Publishers rarely make publication fee spending for hybrid journals transparent. Elsevier is a remarkable exception, as the publisher provides open and machine-readable data relative to its central invoicing with funding bodies and fee waivers at the article level. This blogpost illustrates how to mine Elsevier full-texts for these data with the data science tool R and presents new insights by analysing the resulting dataset: of 70,657 articles published open access in 1,753 hybrid journals from 2015 to date, around one third of the publication fees were paid through central agreements. Nevertheless, the majority of funding sources for hybrid open access remains unclear.

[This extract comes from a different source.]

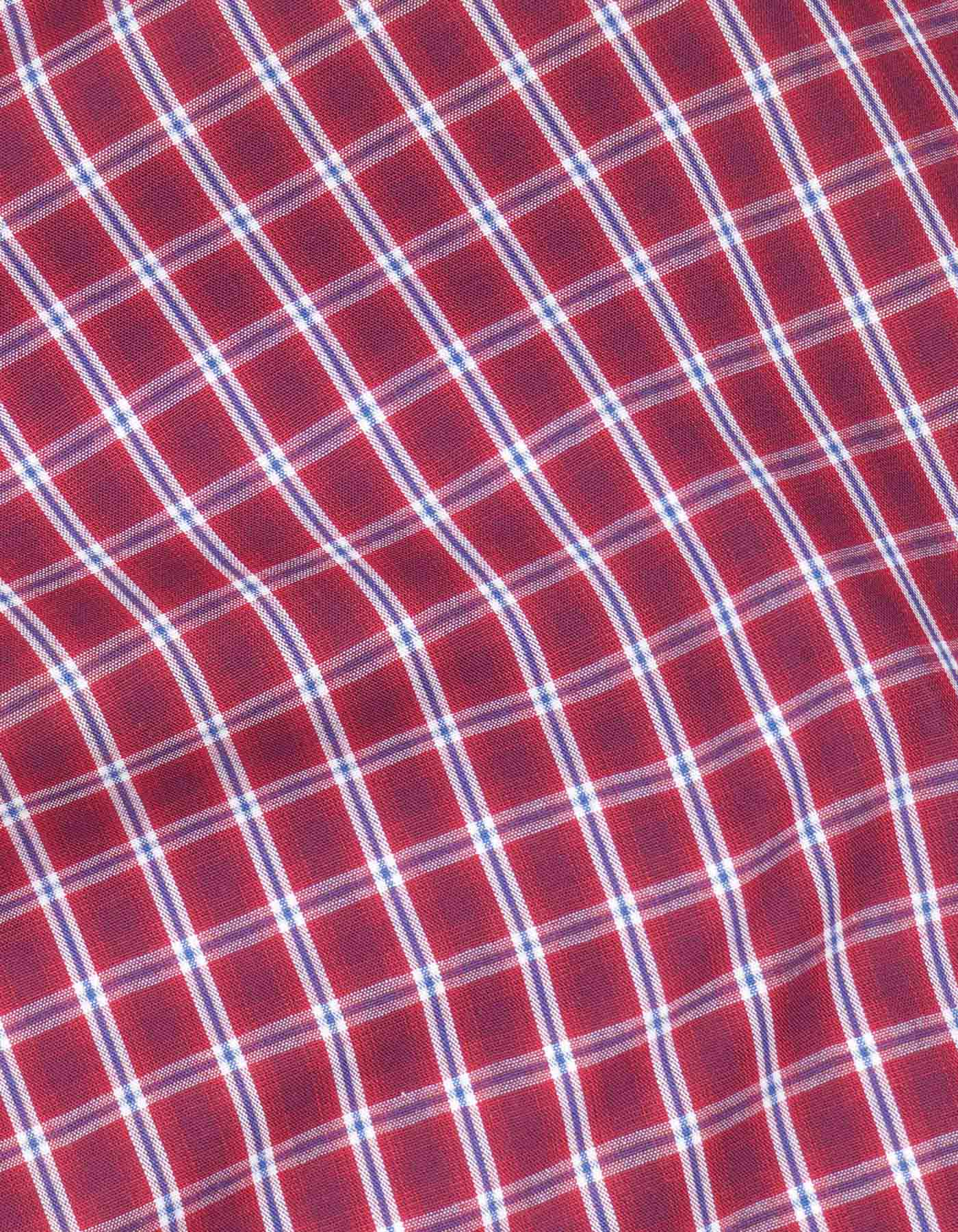 Check Navy/Maroon Tailored Smart Fit Shirt FS972SF-16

In September 2018, cOAltion S, a group of international research funders, announced its widely discussed Plan S. According to its principles, research funding organisations aligned in cOAlition S will cover open access publication fees, also known as article-processing charges (APC), but they expressed the intent to suspend financial support of such fees associated with open access publishing in hybrid journals. An exception are cases within the controlled setting of transformative agreements. These are institutional or consortial agreements that repurpose subscription expenditures for open access publishing in order to drive the transition of subscription-based journal publishing to fully open access; research performing organisations initiated transformative agreements in recent years as a strategy to rein in uncontrolled and unmonitored spending on publication fees in hybrid journals and to accelerate the open access transition.
With the aforementioned financial restrictions in place from 2021, cOAltionS also intends to monitor compliance with the Plan S principles. To date, however, the monitoring of spending for open access publishing in hybrid journals has been limited, due to a lack of data around these financial transactions. Although surveys(Solomon and Björk 2011; Dallmeier-Tiessen et al. 2011) suggest that already many authors do not pay publication fees themselves, keeping track of these funding streams is challenging, because publishers rarely share invoice data (Björk 2017). But also not all funders and research organisations track or make the payment information available to fill this gap, despite examples like the British Charity Open Access Fund or the Open APC Initiative (Jahn and Tullney 2016).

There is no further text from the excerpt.